I’m not sure if seeing deer everywhere has given me a case of “buck fever,” or if having buck fever since season is quickly approaching has heightened my senses to where I’m seeing deer everywhere.
In honesty, I think it’s just late October and the deer are on the move, the rut is kicking in, and there are simply more deer coming out of the deep woods to be seen. Either I, or someone close to me, has seen a deer every day for the past couple weeks.
In early to mid-October the state conservation department and some insurance companies always sent out press releases about watching out for deer-vs.-vehicle collisions. And for good reason! I had a doe cross the road in front of me Monday evening. My wife nearly hit a deer late Wednesday evening.
Our daughter has hit two deer in the past month near where she lives and works in southeast Nebraska. And a good friend and hunting buddy nearly totaled out his truck when he was hit head-on by a running 6-point buck last week. He’s a lifelong deer hunter, and bragged that it was the biggest deer he’s ever harvested.
Off the roadways, reports of deer being spotted by hunters are picking up. Our game cameras on our own farm are showing lots of buck and doe movement. My son, who lives on the farm, is seeing deer on the drive in and out or feeding in the field edges nearly every day.

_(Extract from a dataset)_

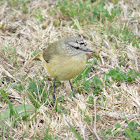 Yellow-rumped Thornbill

And this past Tuesday he was putting the sneak-and-stalk on a doe with his bow and was interrupted by the sound of a big buck making his presence known coming up the hillside – stomping, snorting and raking the brush with his antlers. He never did see the buck, but the commotion caused the doe to quickly move out of shot range.
We found the early season rubs a month or two ago as the bucks were cleaning off the velvet from their headgear. But in the past week we’re starting to see regularly-used rub lines being created.
And I suspect when I check the game cameras the next time we’ll find fewer pictures of buddy bucks hanging out together as the competition for does ramps up it becomes “every man for himself,” as the old saying goes.
This weekend is the “youth-only firearms” two-day season, with another in late November. We have no youth hunters at this time, but I might very well give it another go with the bow.
I need to mow and trim around the hunting cabin one last time, and move some blinds ahead of the regular firearms season opener in two weeks. I’m also working on building a new elevated blind in my workshop at home, with plans to have it in place by no later than next weekend.
This next week I’ll start thinking about what we’ll be eating in deer camp opening weekend. We have some traditional snacks and foods we take each year. The new snazzy cabin has made meal prep, and every aspect of deer camp, easier than in past years.
All of the utensils and pots and pans, many necessary ingredients, water and a propane cooktop are already there. There’s a supply of firewood cut, split and seasoned and ready for the antique heating stove. The beds are in place with bedding already on them.
These are all things we used to have to pack in each year either ahead of season or on the drive to camp that Friday afternoon. Now there’s solar power for lights, to charge phones or for any other electrical needs. It hardly feels like “roughing it at deer camp” anymore.
With the exception of finishing and moving that new elevated blind, hauling it down and setting it into place, everything seems ready for opening weekend.
I need to shoot a couple rounds through my rifle to assure the scope is still dead on, and hang the gambrel in the big oak tree to ready it to hoist up that first deer of the weekend. I have my farm tags printed off, and know where the nearest check station is located (to be in compliance with the mandatory CWD sampling opening weekend in the county where the farm is located).
Archery season hasn’t gone as well so far as I’d hoped, but I have high expectations of rifle season. I missed two deer opening weekend of archery season back in September, and haven’t had a good shot to take since.
My food plots didn’t grow out as hoped. The fall plantings started off great but then fizzled out with the planted varieties pushed out by weeds and the native grasses. I’m thinking it was a combination of a lack of fertilizing early on, and the deer browsing the tender plant shoots before they could get a good start.
This is also just my second year of archery hunting, and my first to be really serious about it. And I’ve discovered my blind placement wasn’t as optimal as it could have been. I’ll have my blinds in better places after the rifle season.
Had using a rifle been an option for the deer I have seen while bow hunting, the freezer would already be full. But there’s always the next time out with the bow.
And rifle season is just two weeks away!